Возрождение практики умного делания связывают с именами прп.Никодима Святогорца (в Греции) и прп.Паисия Величковского (в России). Эти подвижники - сквозь века - обращаются к утраченному православному наследству (прп.Никодим не боится обратиться и к наследию католическому). Никодим Святогорец издает "Добротолюбие" - собрание аскетических учений, а Паисий Величковский переводит его (и другие тексты) на славянский язык.
Особенность третьего этапа в том, что церковь к началу 19 в. находится в глубоком духовном упадке. И возрождение сердцевины монашеского делания (и самой христианской жизни) происходит через непонимание и сопротивление внутри церкви. В этом смысле показателен путь прп.Паисия Величковского. Он так и не находит наставника и по сути оказывается обречен на духовное одиночество.

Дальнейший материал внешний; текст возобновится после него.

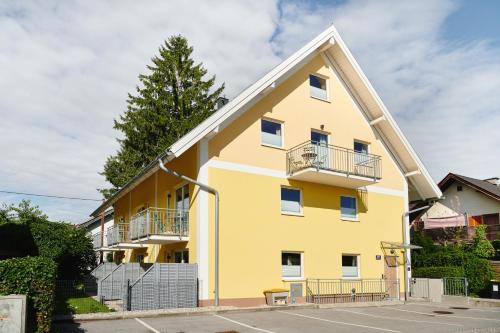 Gallery image of HOMEBOUND APARTMENTS Salzburg City II - contactless check-in in Salzburg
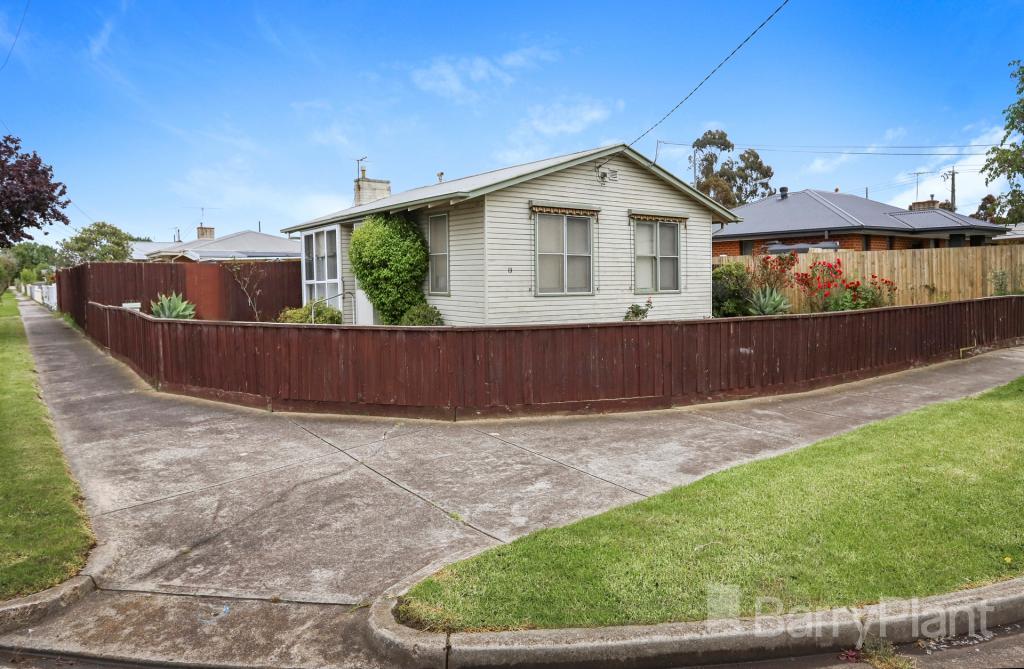 13 Kenneth St, Braybrook, VIC 3019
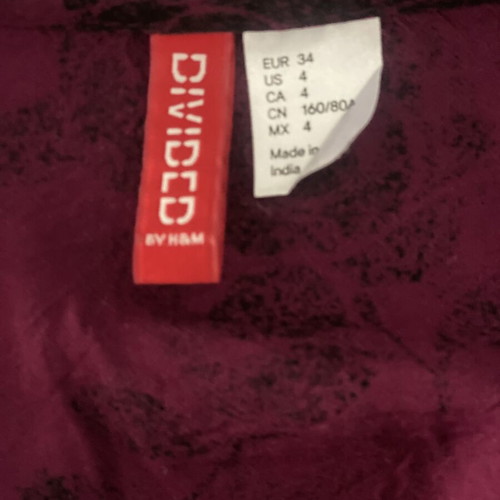 H&M Divided Red Rose Button Up Tank Top size XS like new, purple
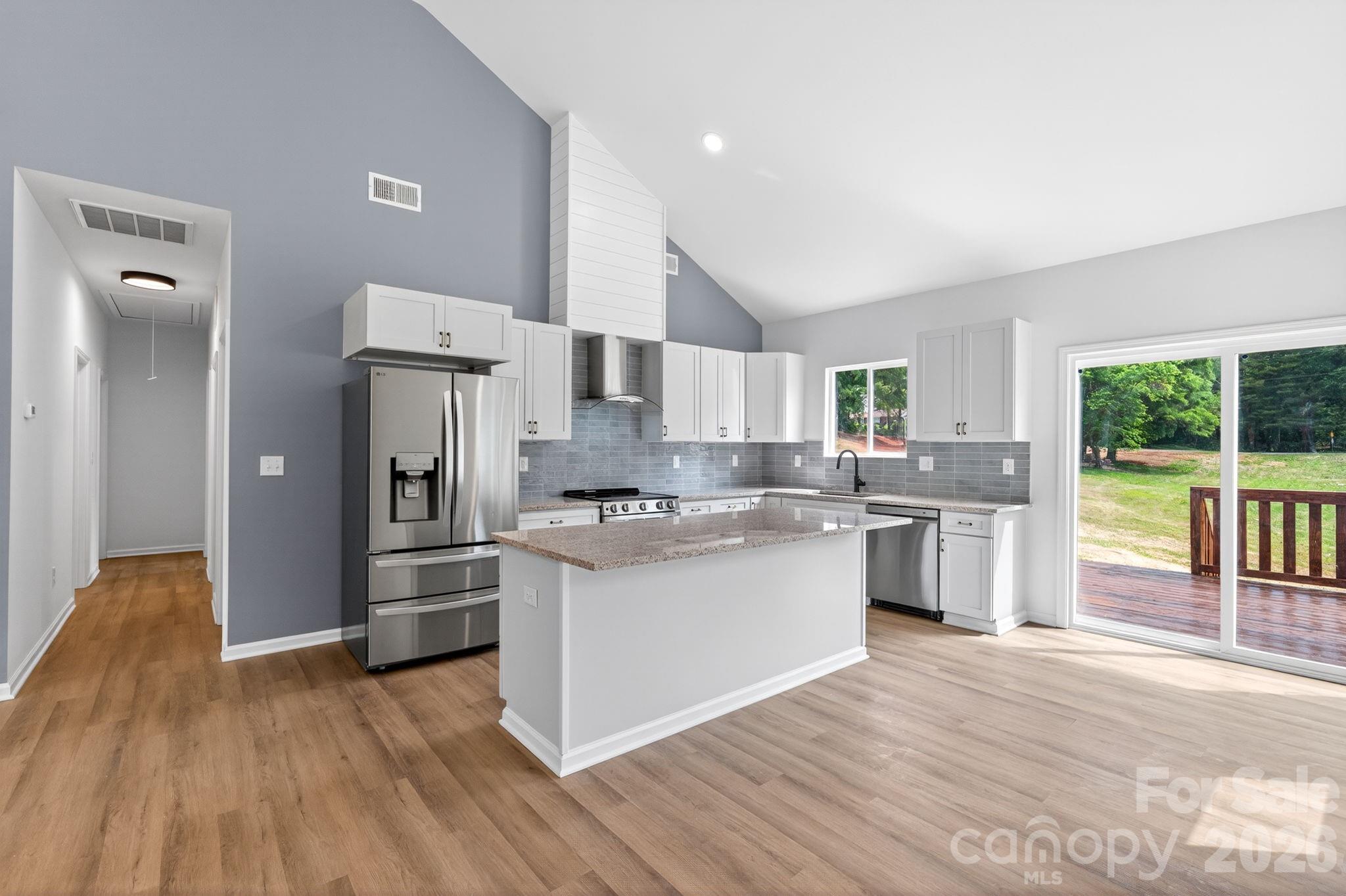 402 Pine Grove Avenue Property Photo 14
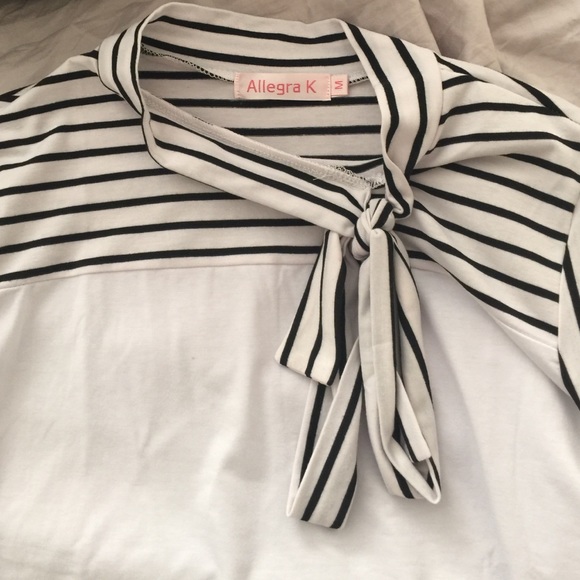 Long sleeve shirt with tie at the neck - Picture 2 of 2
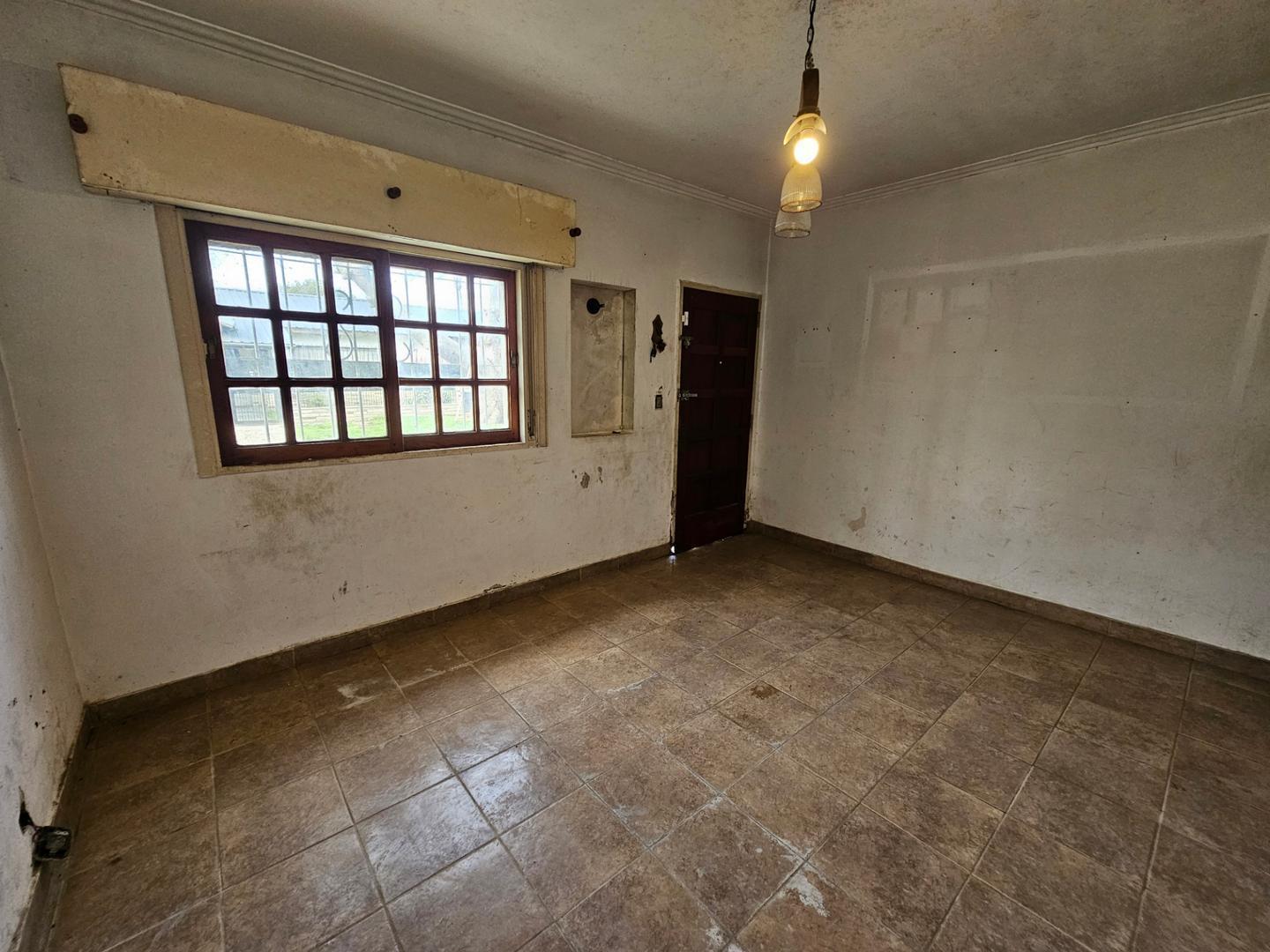 Foto de VENTA PROPIEDAD 3 UNIDADES EN BLOQUE Y POTENCIAL- CARAPACHAY, imagen 4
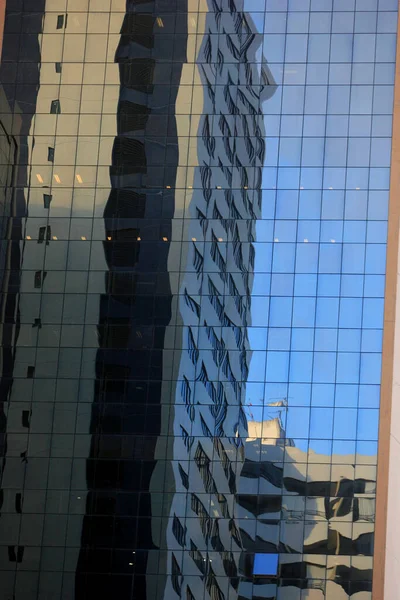 Salvador Bahia Brasil Septiembre 2015 Reflexiones Calle Ven Edificio Espejo — Foto de Stock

Поддержку же обретает в святоотеческом наследии, но само наследие - книги - с огромным трудом разыскивает на Афоне. Афонские монахи пребывают в таком невежестве, что просто не знают ни книг, ни имен авторов подвижнических писаний. И только в скиту Василия Великого он отыскивает необходимое.
"Я искал во многих местах и неоднократно, и не находил. Я ходил в великий лаврский скит святой Анны, и в Капсокаливу, и в Ватопедский скит святого Димитрия, и другие лавры и монастыри, повсюду расспрашивая знающих людей, опытных и престарелых духовников и благочестивых иноков, и нигде мне не удалось найти ни одной подобной книг, и от всех я получал один и тот же ответ, что они не только не знают этих книг, но даже имен их составителей не слыхивали. Слушая эти ответы, я впал в совершенное недоумение и изумлялся, как же это в таком святом месте, где жили многие и великие святые, я не только не могу найти желаемых мне отеческих книг, но даже имен их писателей ни от кого не слышу."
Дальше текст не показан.